I started submitting designs seriously after the dreaded 1990 design. That year, we had no entries. None. In order to have a t-shirt that year, we came up with the "property of " design. I didn't want to see that happen again, so I created one for the 10th anniversary year.

So, here's my opinion on what it takes to make a good t-shirt design. First, you have to know that we've found that black t-shirts sell much better than any other color of shirt. It's currently our policy that the shirt must be black. When you are creating your design, keep this in mind, and work on a black background if you can. I will also confess that other than the 1982 design, all of mine have been done on a computer. 1991 to 1996 were done on Drawperfect 3.1 and from 2001 on, in Photoshop. You will of course have to work with your medium of choice, but it will be converted to a TIF file for the printer before we are done. So, if you start electronically, you will be more flexible for adjustments later.

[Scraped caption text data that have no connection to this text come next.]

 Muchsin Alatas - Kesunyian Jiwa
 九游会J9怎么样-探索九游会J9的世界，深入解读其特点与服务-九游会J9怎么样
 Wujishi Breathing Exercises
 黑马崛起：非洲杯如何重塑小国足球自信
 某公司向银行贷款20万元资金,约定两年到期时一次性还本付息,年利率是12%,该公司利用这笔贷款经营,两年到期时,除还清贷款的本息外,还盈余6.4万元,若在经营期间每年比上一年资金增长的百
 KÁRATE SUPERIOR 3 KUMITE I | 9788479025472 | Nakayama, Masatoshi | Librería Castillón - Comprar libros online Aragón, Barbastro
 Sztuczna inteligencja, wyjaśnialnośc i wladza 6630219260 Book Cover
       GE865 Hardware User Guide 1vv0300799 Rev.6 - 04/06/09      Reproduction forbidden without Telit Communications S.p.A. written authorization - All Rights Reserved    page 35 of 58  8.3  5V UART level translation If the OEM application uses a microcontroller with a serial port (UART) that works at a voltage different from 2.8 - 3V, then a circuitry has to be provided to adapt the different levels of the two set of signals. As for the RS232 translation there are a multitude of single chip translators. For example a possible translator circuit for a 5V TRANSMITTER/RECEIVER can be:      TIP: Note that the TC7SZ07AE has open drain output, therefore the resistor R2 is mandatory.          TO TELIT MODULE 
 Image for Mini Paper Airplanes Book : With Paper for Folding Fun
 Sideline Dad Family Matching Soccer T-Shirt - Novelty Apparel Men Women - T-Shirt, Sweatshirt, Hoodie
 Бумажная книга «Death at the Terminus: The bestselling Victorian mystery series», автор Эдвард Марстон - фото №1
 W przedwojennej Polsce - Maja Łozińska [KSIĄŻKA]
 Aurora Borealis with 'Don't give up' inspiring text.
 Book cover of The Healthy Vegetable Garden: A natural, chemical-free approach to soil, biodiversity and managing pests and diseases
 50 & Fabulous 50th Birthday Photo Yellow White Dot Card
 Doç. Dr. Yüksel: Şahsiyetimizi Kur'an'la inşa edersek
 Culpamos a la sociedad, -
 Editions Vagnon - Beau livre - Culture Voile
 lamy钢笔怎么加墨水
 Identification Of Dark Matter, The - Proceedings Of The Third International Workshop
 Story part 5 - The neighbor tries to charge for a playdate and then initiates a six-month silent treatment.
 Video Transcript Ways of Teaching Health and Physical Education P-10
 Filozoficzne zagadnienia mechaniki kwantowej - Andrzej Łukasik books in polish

When doing a design, you should know that you can use different colors to create your image, but you can't get photo-realistic in your design. Things like shading, half tones and such just will not reproduce well. Stick with solid line art in no more then 4 colors max. (i.e. 2003 Skulls) {ok, 2001 used 5 colors). Standard colors work best, but you can do others too. 2006 used an Ocher color in the design.

Line thickness is also a factor. Your lines should not be smaller than 1 mm, or else they may be broken, or incomplete. If the lines are supposed to fade at that point, then fine. But keep this limitation in mind.

Quantity of coverage can be an issue too. We've found that if there is a lot of ink over a large area, it makes the shirt hot and you sweat under the design. Ben and I agreed, after the fact, that the retro future shirt of 2002 had too much white area. Those could have been done as shaded or outlined and it would have worked better. This concept was in my mind as I did the 2006 design. The rays from the top are done in jagged lines to limit the paint covering the shirt.
<-how it was------how it should have been-
All designs must have the name Necronomicon and the year in it. This year should be rendered as 201, not '17. Using the Necro Glyph somewhere in the design is suggested too, but it's not required. You can download a zip file with the glyph in it from here.

Click the image to download a 1.2mb zip file that contains:
One layered, Photoshop 7 .PSD file, 1600x1600 in 200dpi, 1.5mb
One 1600 x 1600 200dpi .JPG file white on black, 740K
One 1600 x 1600 200dpi .JPG file black on white, 740K

For a number of years, the program book has been written with a "theme" in mind. Mostly to keep the writers from getting bored and submitting the same program book, year after year. The Convention itself has sometimes reflected this theme in other ways. While the T-shirt design does not HAVE to follow the theme, it has on a number of years. ('96, '98, '99, '00, '01, '02, '04, '06, '07, '08, '09, '10, '11, '12). The 2017 Theme is "Time Travel" in any form that might apply! If that doesn't have design potentential, I don't know what does.

If you are working electronically, I'd suggest about 300dpi for your work. Width of the design should be about 11-12 inches. Height can be taller. You can submit your entries to me at: jomark@stonehill.org in .jpg format. I'll print them on a color laser for submission and judging. If yours is chosen, I'll contact you about getting a higher resolution version for the printer. (Note, they like a single image file for each color layer, with registration marks for alignment. So don't flatten all your layers if you can help it. )

If you are sending in hand drawn work; that's perfectly fine. We can scan it and electronically separate the layers.

In a lot of ways, you have to think of the design more as a logo than a work of art. It both advertises the convention, and hopefully has a captivating image. We take all submissions and vote on them at our club meeting. I highly encourage you, the artist reading this, to try your hand, and send in a submission. Hopefully, I've shed some light on this process. Thanks, and I look forward to seeing what you can do!